• [ACTIVITY]: Within the entries below, please return exactly the lines from the one with "This will create" through the one with "Hey everyone, this", leaving out any pictures.

• [ENTRIES SHOWN]:

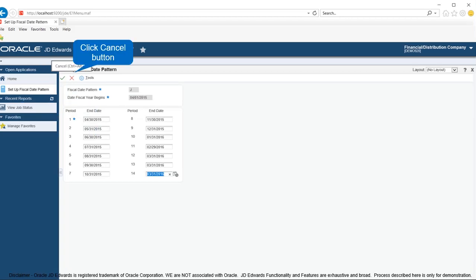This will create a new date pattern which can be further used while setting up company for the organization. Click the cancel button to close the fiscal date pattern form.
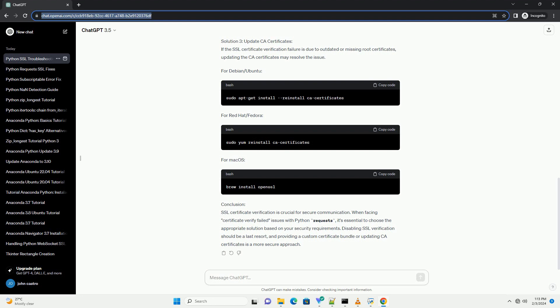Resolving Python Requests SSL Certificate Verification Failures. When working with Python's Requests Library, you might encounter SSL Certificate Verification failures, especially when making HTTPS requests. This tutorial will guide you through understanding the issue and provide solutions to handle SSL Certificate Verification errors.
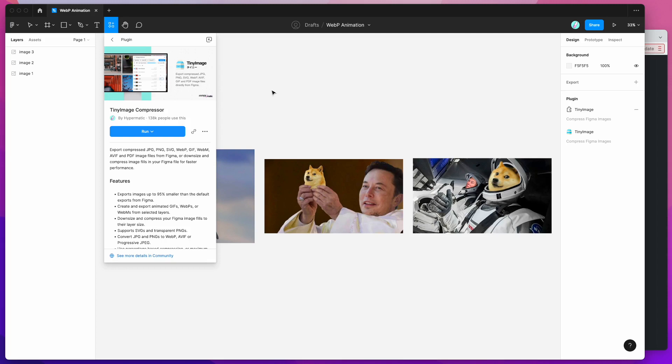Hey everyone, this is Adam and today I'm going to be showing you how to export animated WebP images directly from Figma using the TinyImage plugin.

...

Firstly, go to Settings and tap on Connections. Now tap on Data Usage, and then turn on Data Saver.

• [SOLUTION]:
This will create a new date pattern which can be further used while setting up company for the organization. Click the cancel button to close the fiscal date pattern form.
Resolving Python Requests SSL Certificate Verification Failures. When working with Python's Requests Library, you might encounter SSL Certificate Verification failures, especially when making HTTPS requests. This tutorial will guide you through understanding the issue and provide solutions to handle SSL Certificate Verification errors.
Hey everyone, this is Adam and today I'm going to be showing you how to export animated WebP images directly from Figma using the TinyImage plugin.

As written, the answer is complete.